DATA FOR ANALYSIS Block Start

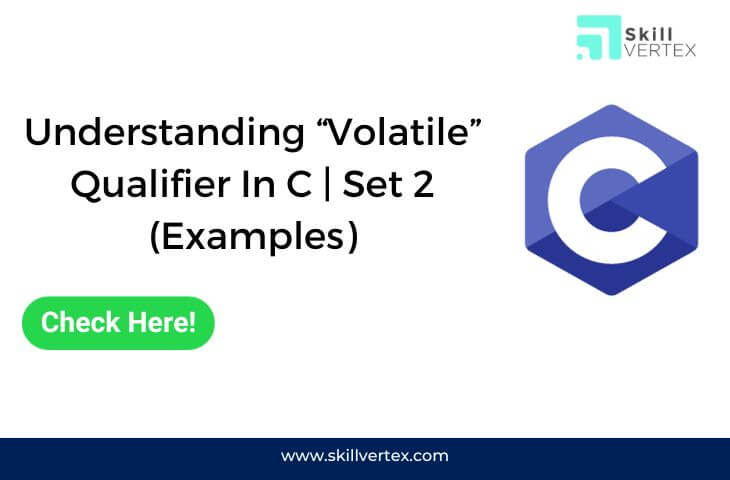 Understanding “Volatile” Qualifier In C | Set 2 (Examples)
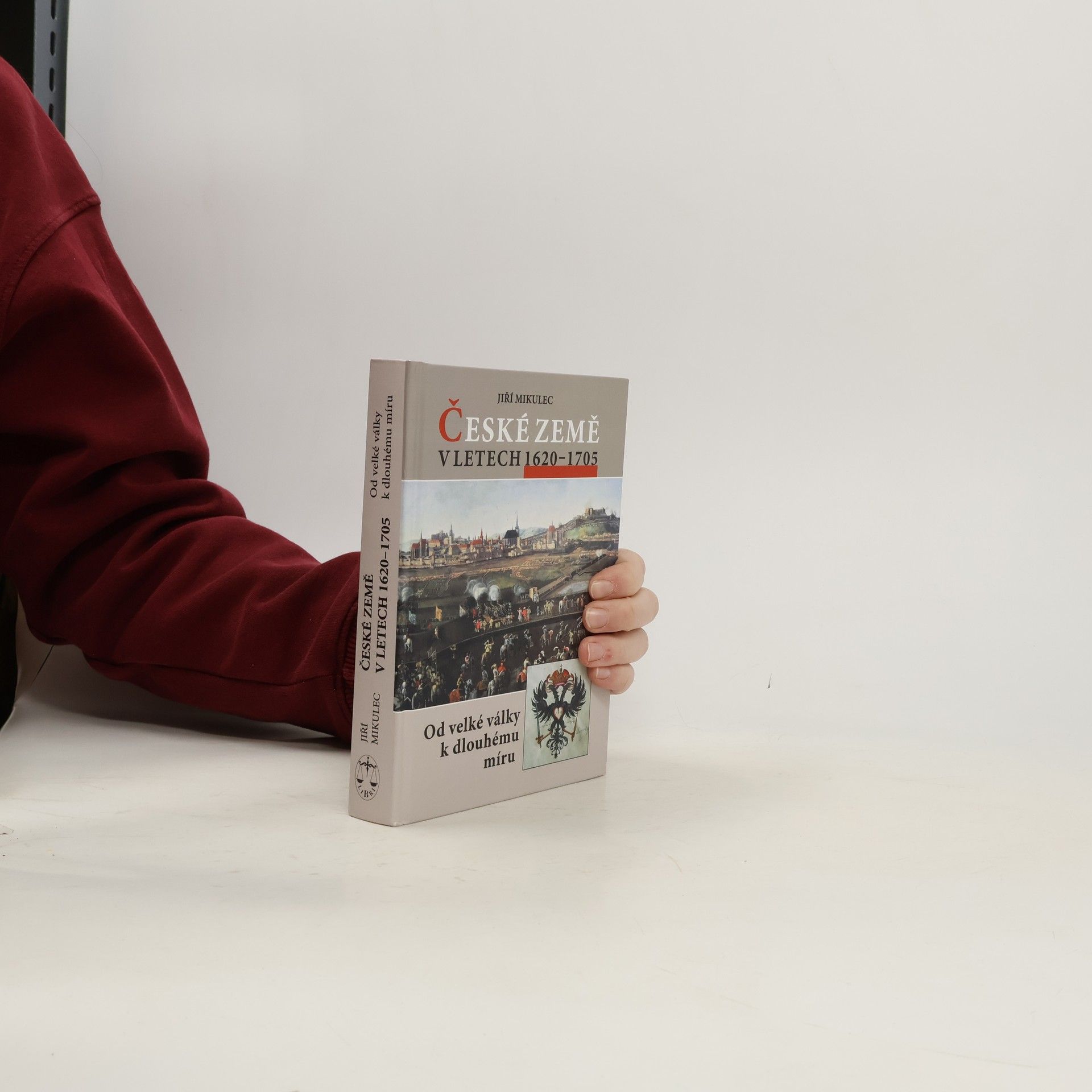 České země v letech 1620-1705. Od velké války k dlouhému míru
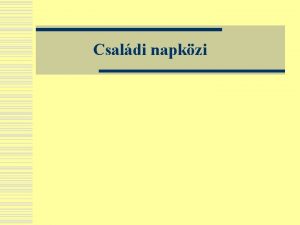 Csaldi napkzi A napkzbeni kisgyermekellts problmi a 90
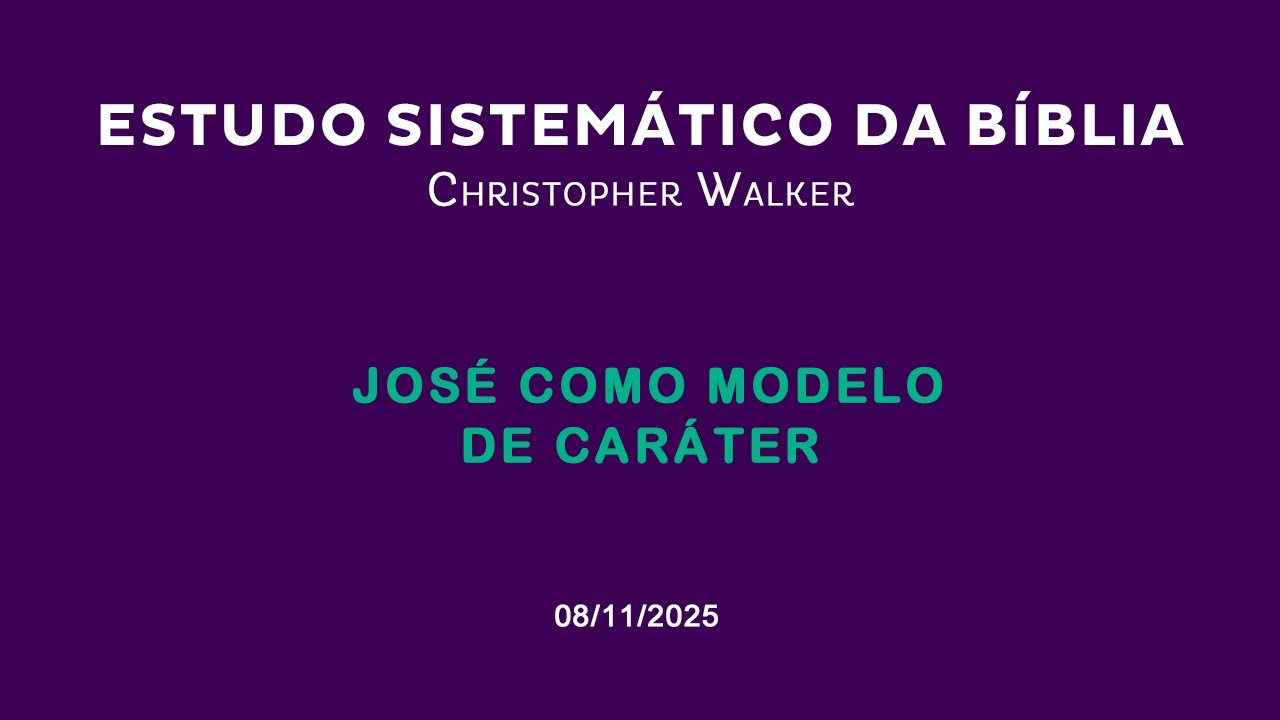 Gênesis - Aula 107 - Gn 39 - José como modelo de caráter | Christopher Walker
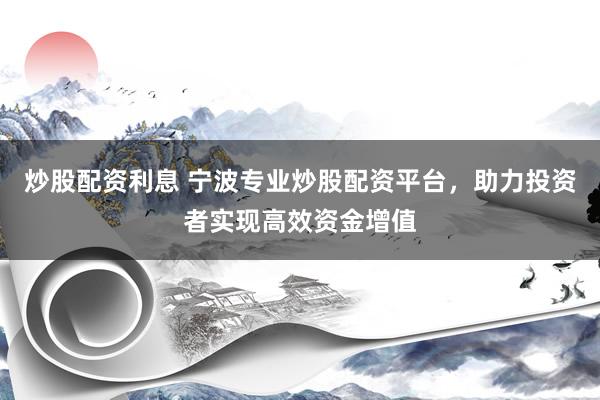 炒股配资利息 宁波专业炒股配资平台，助力投资者实现高效资金增值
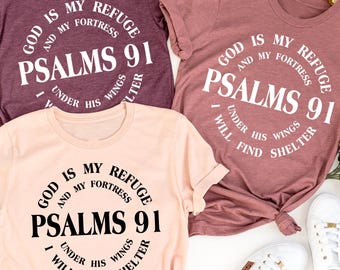 Christian T Shirt, Blessed Shirt, Religious Shirt, Hymn T-Shirt, Christ Jesus Shirt, Jesus Love T-shirts, Psalms 91 T Shirt, Christian Gifts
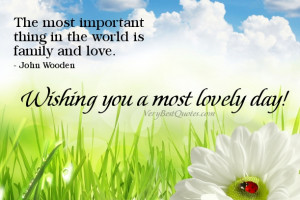 The most important thing in the world is family and love. – John ...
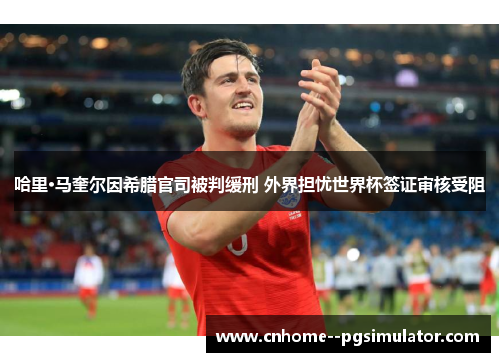 哈里·马奎尔因希腊官司被判缓刑 外界担忧世界杯签证审核受阻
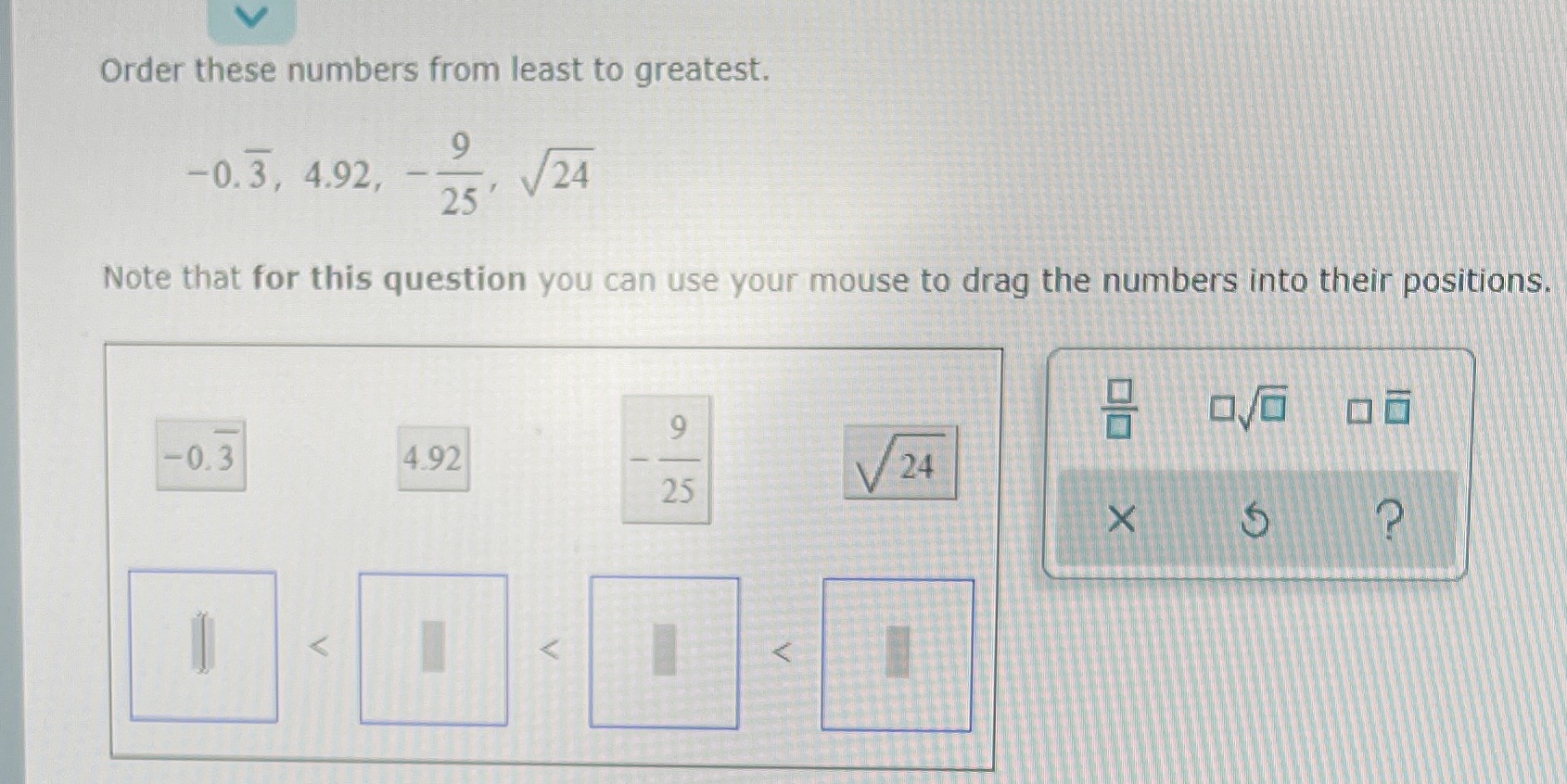 What would these numbers be from least to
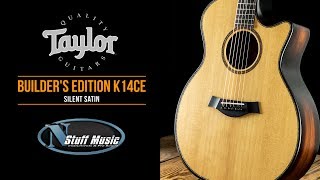 Video thumbnail for Taylor Builders Edition K14ce by N Stuff Music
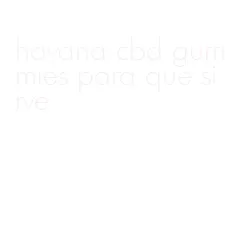 havana cbd gummies para que sirve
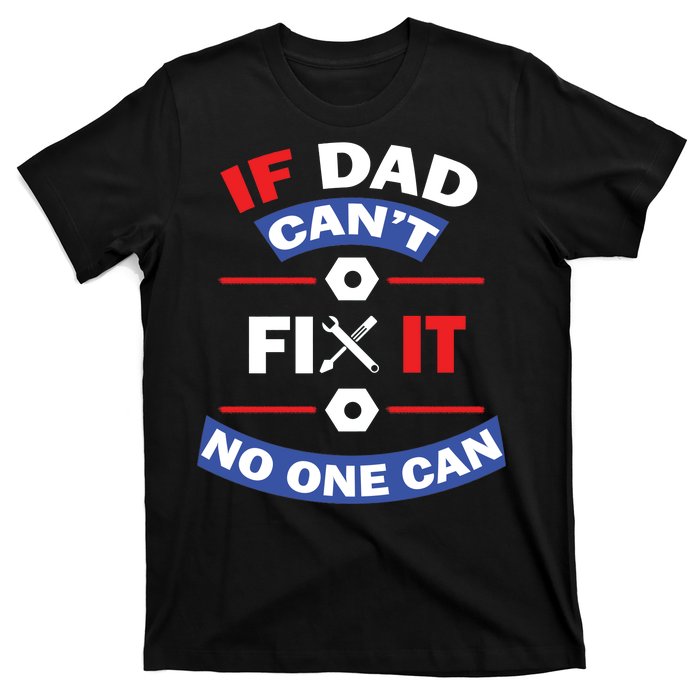 If Dad Can't Fix It No One Can T-Shirt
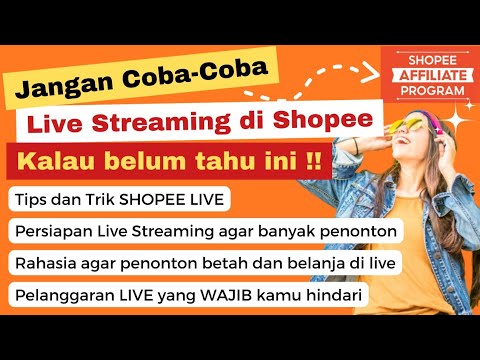 CARA AGAR BANYAK PENONTON DI LIVE SHOPEE AFFILIATE BAGI PEMULA - YouTube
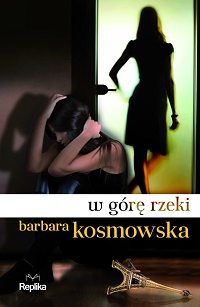 Barbara Kosmowska ‹W górę rzeki›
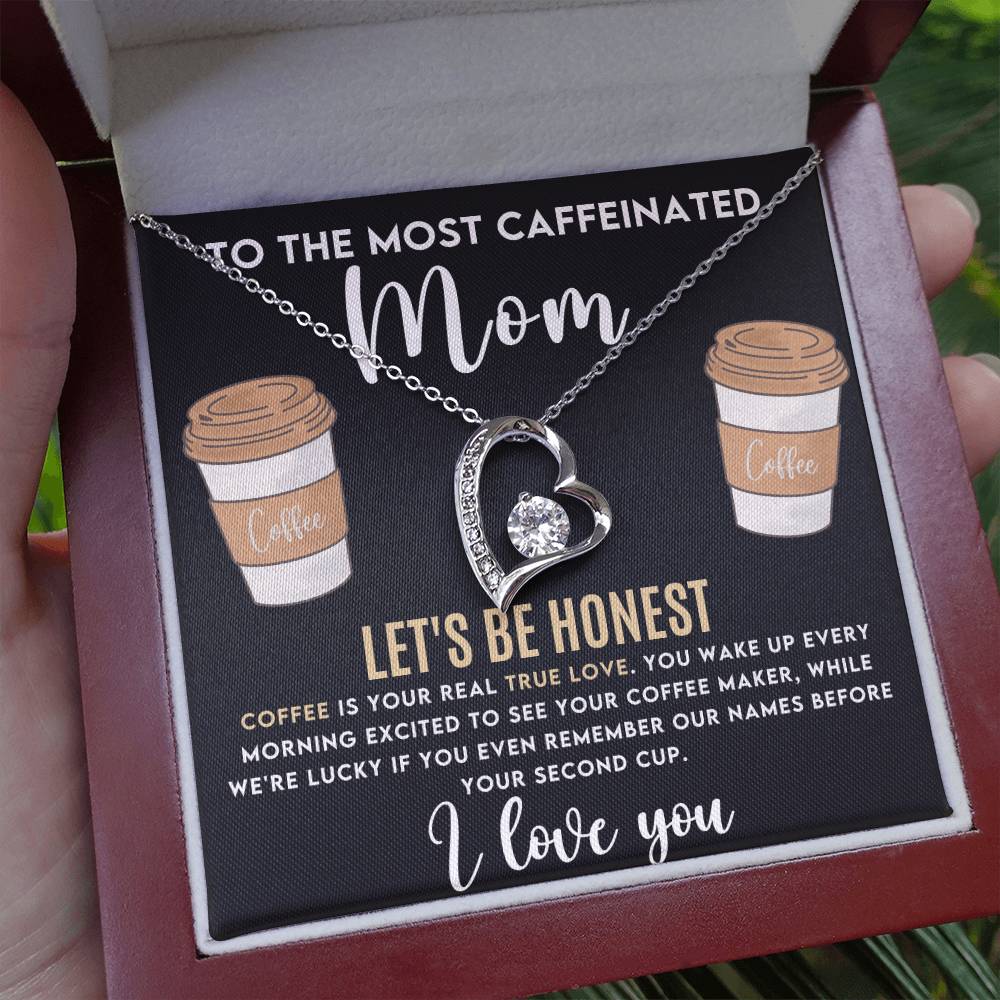 To My Mom - Most Caffeinated Mom
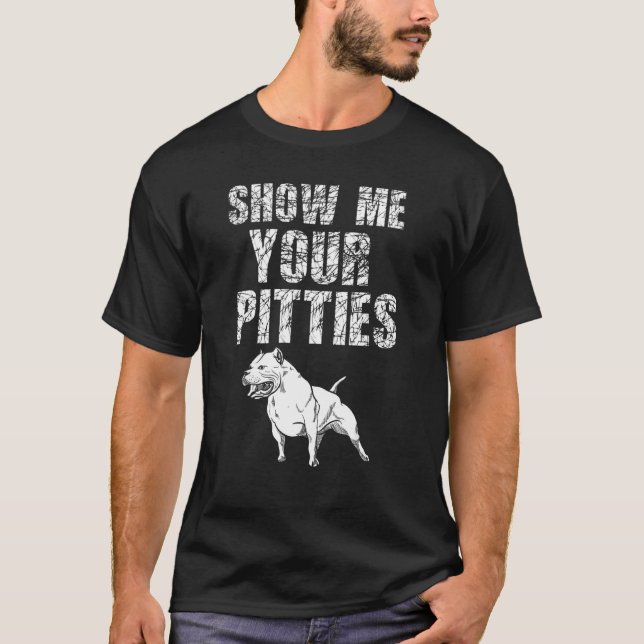 T-shirt Montrez-Moi Vos Pitties Pitbull 50 (Devant)
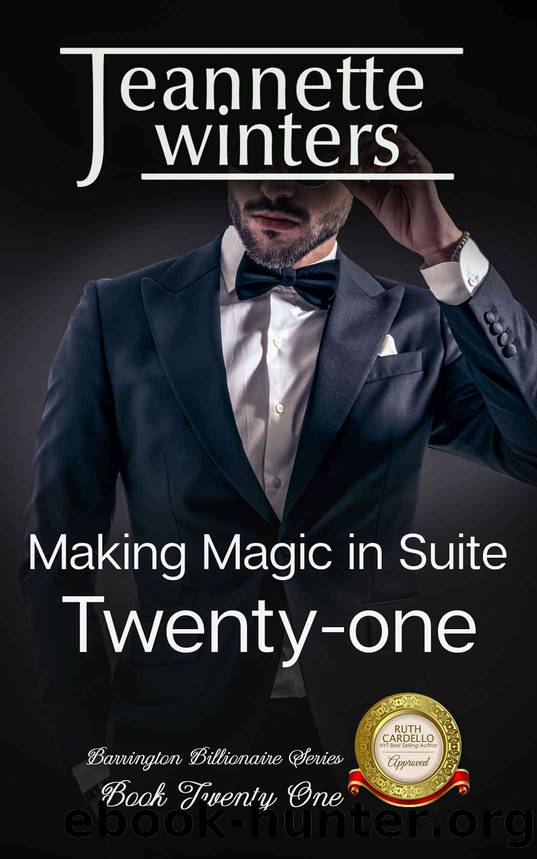 Making Magic in Suite Twenty-One by Winters Jeannette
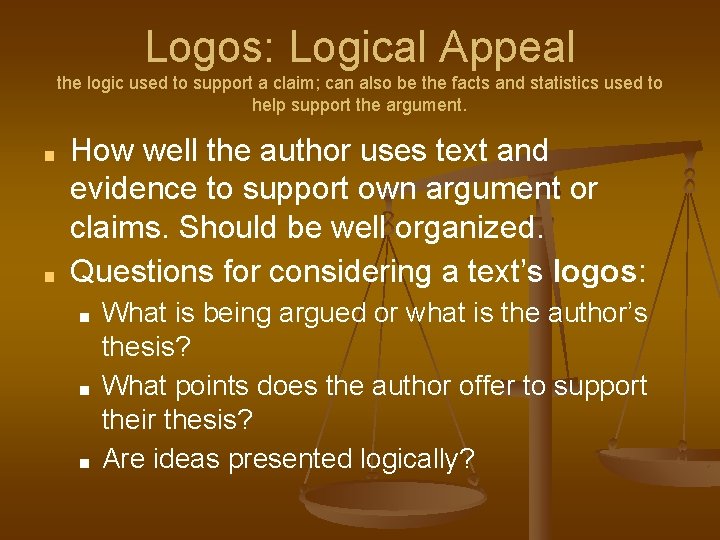 Logos: Logical Appeal the logic used to support a claim; can also be the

DATA FOR ANALYSIS Block End

I'd like the lines above repeated exactly, from the one that contains "České země v" through the one that contains "The most important", with no pictures.

WRITTEN ANSWER →
 České země v letech 1620-1705. Od velké války k dlouhému míru
 Csaldi napkzi A napkzbeni kisgyermekellts problmi a 90
 Gênesis - Aula 107 - Gn 39 - José como modelo de caráter | Christopher Walker
 炒股配资利息 宁波专业炒股配资平台，助力投资者实现高效资金增值
 Christian T Shirt, Blessed Shirt, Religious Shirt, Hymn T-Shirt, Christ Jesus Shirt, Jesus Love T-shirts, Psalms 91 T Shirt, Christian Gifts
 The most important thing in the world is family and love. – John ...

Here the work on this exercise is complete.